Berkata Syeikh Abdul Aziz bin Bazz Rahimahullahu:
Artinya, “Allah ‘Azza Wa Jalla menguji hamba-hamba-Nya dengan kesenangan dan kesusahan, dan terkadang Allah menguji mereka untuk meninggikan derajat mereka, mengangkat penyebutan mereka, dan melipatgandakan pahala mereka sebagaimana apa yang Allah Ta’ala lakukan terhadap para nabi dan rasul ‘alaihimushshalawatuwassalam, dan juga hamba-hamba Allah Ta’ala yang shalih”. (Majmu’ Fatawa wa Rasail Syeikh Bin Baz 4/ 370)
Bapak Ibu yang dirahmati Allah Ta’ala. Itu tadi adalah penjabaran secara jelas tentang mengapa para Nabi ujiannya paling berat, sekarang mari simak beberapa kisah tentang ujian yang dihadapi oleh nabi yang diutus oleh Allah Ta’ala.

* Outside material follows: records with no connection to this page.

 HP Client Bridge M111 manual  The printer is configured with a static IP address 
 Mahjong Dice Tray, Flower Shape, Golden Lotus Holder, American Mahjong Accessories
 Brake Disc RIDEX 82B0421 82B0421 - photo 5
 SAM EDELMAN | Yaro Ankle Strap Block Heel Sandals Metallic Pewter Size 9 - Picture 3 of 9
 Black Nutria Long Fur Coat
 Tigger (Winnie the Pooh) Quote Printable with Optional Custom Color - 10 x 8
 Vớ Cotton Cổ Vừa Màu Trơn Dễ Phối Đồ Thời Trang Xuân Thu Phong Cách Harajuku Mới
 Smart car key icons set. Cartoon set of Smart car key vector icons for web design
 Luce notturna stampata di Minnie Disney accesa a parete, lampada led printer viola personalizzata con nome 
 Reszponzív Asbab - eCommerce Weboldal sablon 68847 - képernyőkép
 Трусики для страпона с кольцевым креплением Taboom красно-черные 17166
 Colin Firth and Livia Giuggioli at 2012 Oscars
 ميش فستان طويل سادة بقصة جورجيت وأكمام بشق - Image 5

Yang pertama adalah kisah Nabi Ayyub ‘Alaihissalam, yang dimana kisah beliau diceritakan dalam Al-Qur’an pada surah Al-Anbiya dan pada surah Shad. Bapak Ibu yang dirahmati oleh Allah Ta’ala. Dikisahkan bahwa Nabi Ayyub Alaihissalam mendapat ujian dari Allah Ta’ala berupa sakit kulit. Beberapa riwayat mengatakan bahwa sakit yang diderita Nabi Ayyub Alaihissalam semacam penyakit kusta. Beberapa riwayat mengatakan bahwa penyakit itu menular, hingga banyak orang yang menjauhinya.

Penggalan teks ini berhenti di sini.